Ein großes Flächenpotenzial können Kraftwerksstandorte sein, die mit dem Ende der Kohleverstromung spätestens 2038 zur Verfügung stehen. Grobe Schätzungen gehen von Rückbau- und Sanierungskosten in der Höhe von 60 Millionen Euro pro Standort aus. Wären Entwicklungsgesellschaften der geeignete Weg, die Investitionen zu stemmen?
Scharrenbach: Ministerpräsident Laschet hat in Berlin erreicht, dass Sondermittel nach NRW fließen. Wir gucken jetzt, welche bisherigen Steinkohlekraft-Standorte für eine Förderung in Frage kommen. Unna, Hamm, Duisburg, Herne und Gelsenkirchen wurden ja schon genannt. Wir brauchen dafür jetzt einen langen Atem. Das ist ein sehr ambitionierter Prozess. Ich warne davor, dass jede einzelne Stadt jetzt los läuft und Planungen für ihre Standorte aufstellt. Wir brauchen ein regionales Konzept.

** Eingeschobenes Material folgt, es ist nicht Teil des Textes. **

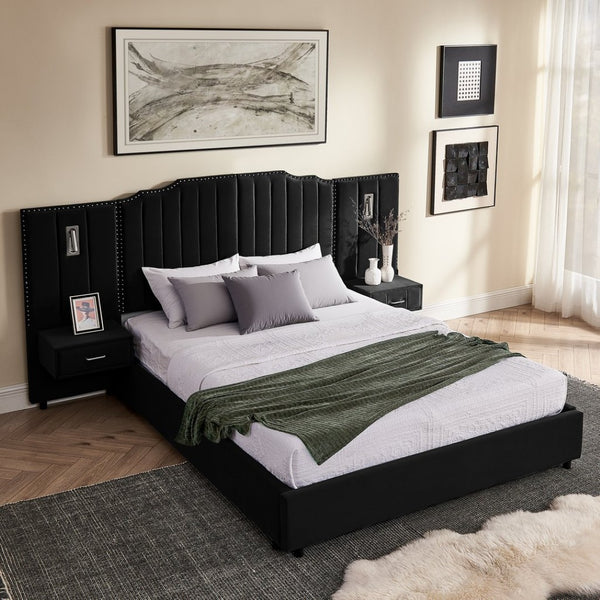 English Elm Queen Velvet Platform Bed with Tufted Headboard Integrated Nightstands and Striped Design Black W487S00441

Welche Rolle wird die Erzeugung erneuerbarer Energien im Ruhrgebiet nach dem Ende der Kohleverstromung spielen?
Scharrenbach: Strom und Wärme müssen sicher, sauber, aber auch bezahlbar sein. Diese Debatte ist in jüngster Vergangenheit unter dem Radar geblieben.
Müller: Da kann ich mich nur anschließen: Energie muss sauber und bezahlbar sein. Wir müssen aber auch garantieren, dass die gewohnt hohe Versorgungssicherheit bestehen bleibt, wenn wir von Kohle auf Wind und Sonne umstellen. Das andere ist: Der Bund muss sich stärker bei der energetischen Sanierung von Wohngebäuden engagieren, um den Energieverbrauch und damit den CO2-Ausstoß weiter zu reduzieren. Es kann doch nicht sein, dass immer noch Ölheizungen im Vergleich zu umweltfreundlichen Wärmepumpen steuerlich privilegiert sind.
Scharrenbach: Ich glaube, im Moment sind eher zu viele Förderprogramme auf dem Markt. Da blickt doch niemand mehr durch. Eigentlich ist alles da. Ich plädiere dafür, für einen begrenzten Zeitraum zu schauen, was funktioniert und was nicht funktioniert und durch welche Maßnahmen am meisten CO2 eingespart werden kann.